What is the most efficient way to identify text similarity between items in large lists of strings in Python?

Question:

The following piece of code achieves the results I’m trying to achieve. There is a list of strings called ‘lemmas’ that contains the accepted forms of a specific class of words. The other list, called ‘forms’ contains a lot of spelling variations of words found in a large amount of texts from different periods and different dialects of a specific language. For each one of the words in ‘forms’, I want to get the string in ‘lemmas’ that is the closest match.

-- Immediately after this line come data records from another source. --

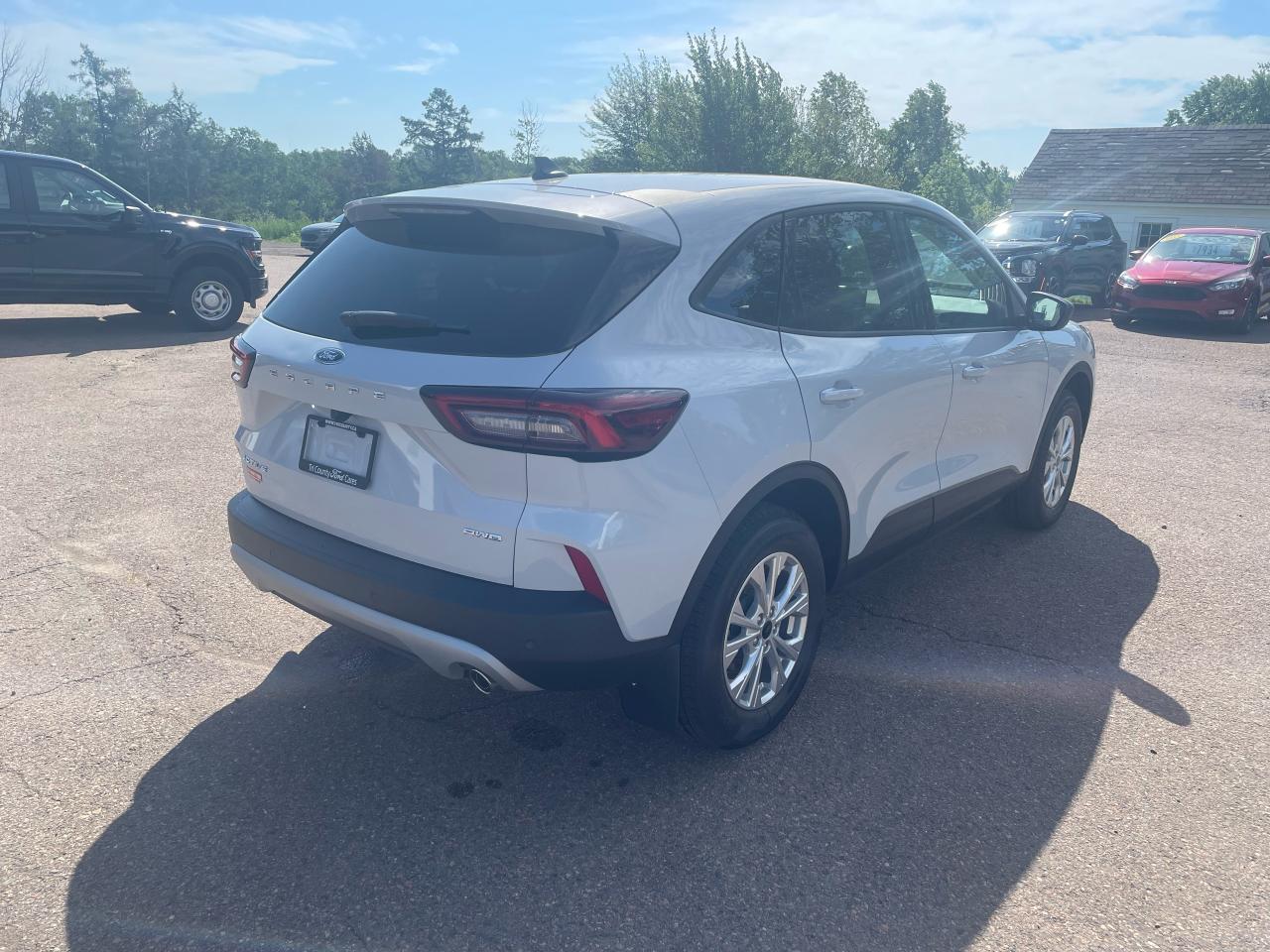 2025 Ford Escape Active Photo5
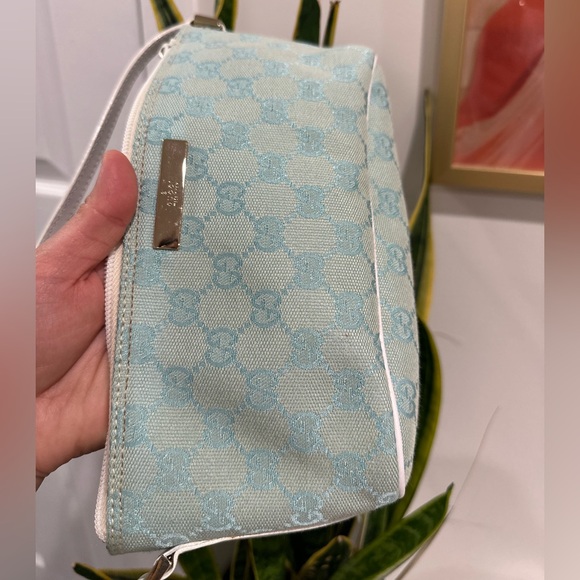 Authentic Gucci Pochette Handbag - Picture 11 of 16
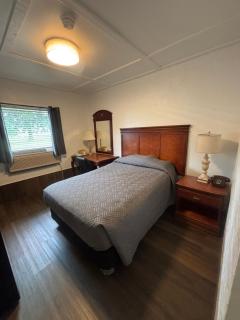 Martin House Motel - 6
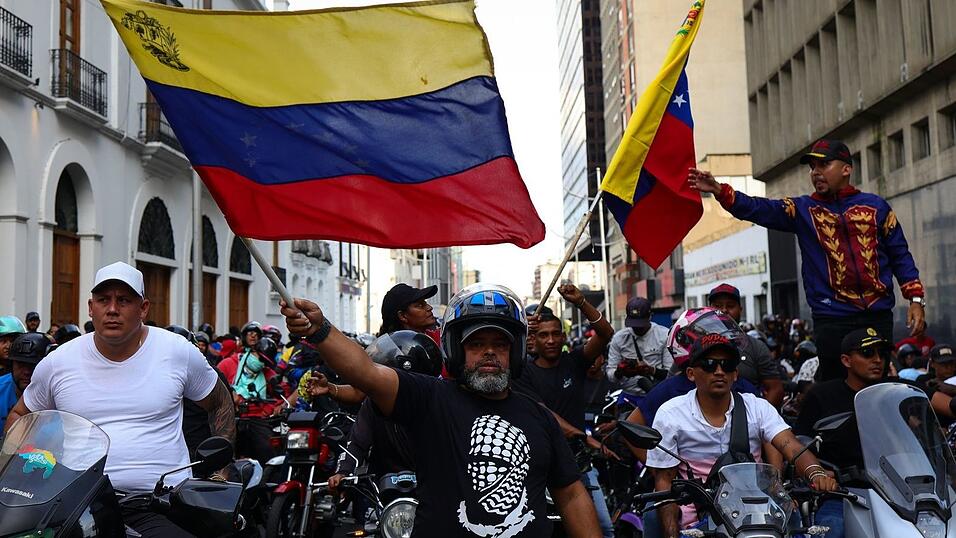 Venezuelas neue Führung will ihre Macht im Land festigen. Venezuelas neue Führung will ihre Macht im Land festigen.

The script, as I said, seems to work well with some test lists I’ve constructed. The problem I have, though, is that when I use the real lists, which are rather large, it takes forever to produce the results. In fact, I have had to stop the execution of the program because it was taking already more than two hours and the computer was becoming very slow and I couldn’t do anything else.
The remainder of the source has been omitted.